I've been on both sides of this. I've seen the internal conversations where someone says, "We need a good ROI number for the case study," and then reverse-engineers a figure that sounds impressive. It's not fraud — it's just what happens when nobody has a system for honest measurement.

When I built Coriven, I decided we'd do it differently. Not because I'm a better person than other consultants. Because I think dishonest measurement is bad business. If a number is real, it should sell itself. If it's not real, dressing it up just delays the moment your customer realizes the project didn't land.

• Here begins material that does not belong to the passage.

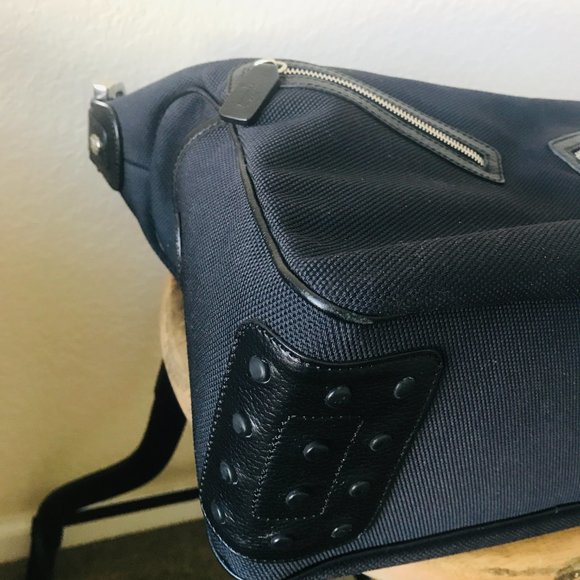 Rare TOD’S Miky Black Canvas Shoulder Bag - Picture 3 of 8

What Are the Three Confidence Tags?

Every number in every report we produce gets one of three tags:

[measured] — This is a hard number pulled from a system, a log, or direct observation. Time tracked before and after. Transactions counted. Error rates recorded. If it says [measured], we can show you the data.

[estimated] — This is a calculated number based on measured inputs plus reasonable assumptions. For example: we measured that a dispatcher spends 22 minutes per manual scheduling adjustment [measured], and they do roughly 8 per day [estimated based on 3-day sample]. The inputs are real. The math is transparent. But it's not a hard count.

[projected] — This is a forward-looking number. Based on current trends, we project that automating this report will save 14 hours per month over the next quarter [projected]. We're telling you what we think will happen, not what has happened.

That's it. Three tags. No hiding behind a single impressive number and hoping nobody asks where it came from.

Why Should Buyers Care About Evidence Tagging?

When someone hands you an ROI report, you're being asked to make a decision: renew, expand, or move on. If the numbers behind that decision are a mix of hard data, educated guesses, and forward projections — and they're all presented identically — you can't actually evaluate the report. You're trusting vibes.

The tags give you something most ROI reports don't: the ability to read critically. When you see [projected], you know to apply your own judgment. When you see [measured], you know we can back it up. When you see [estimated], you know the method and can challenge the assumptions.

How Does Honest ROI Measurement Work in Practice?

Example 1: The weekly operations report. A regional services company had a team lead spending 45 minutes every Monday morning pulling data from three systems, copying it into a spreadsheet, formatting it, and emailing it to the GM. Every Monday. For years. We timed it: 47 minutes [measured]. We built an automated report. Post-automation, the team lead spends about 5 minutes reviewing [measured at 30-day check-in]. Net savings: 42 minutes per week [measured], roughly 36 hours per year [projected].

Example 2: The dispatch bottleneck. A staffing company had dispatchers manually matching open shifts to available workers. We observed: average 3.2 hours per day on manual matching [estimated from 3-day observation]. After automation, dispatchers reported 40 minutes per day [measured at 60-day check-in]. That's roughly 2.5 hours saved per dispatcher per day [measured]. With 3 dispatchers, that's 7.5 hours daily [estimated — assumes consistent workload].

Example 3: The data entry double-touch. An insurance agency entered the same client information into their CRM and quoting system separately. We measured the duplicate entry at roughly 6 minutes per new client [measured] across about 15 new records per week [estimated]. After connecting the two systems, duplicate entry dropped to zero [measured]. Annual time recovered: approximately 78 hours [projected].

How Do You Measure ROI at 30, 60, and 90 Days?

We don't hand you a report at the end of the project and disappear. We come back at 30, 60, and 90 days to measure actual results against the baselines we captured at the start. At 30 days, we're confirming changes are sticking. At 60 days, we see real patterns. By 90 days, we have enough data to give you a credible picture of what the engagement actually delivered — with every number tagged honestly.

What Should You Ask Every Vendor About Their ROI Numbers?

The next time a consultant, vendor, or agency shows you an ROI number, ask them one question:

"Is that number measured, estimated, or projected?"

If they can answer clearly and show their work, you're probably dealing with someone honest. If they can't — or if they look at you like you're speaking a foreign language — that tells you something too.

We're building Coriven on the idea that honest measurement compounds. Every engagement adds real data. Every tagged number builds trust. And over time, that trust is worth more than any inflated case study.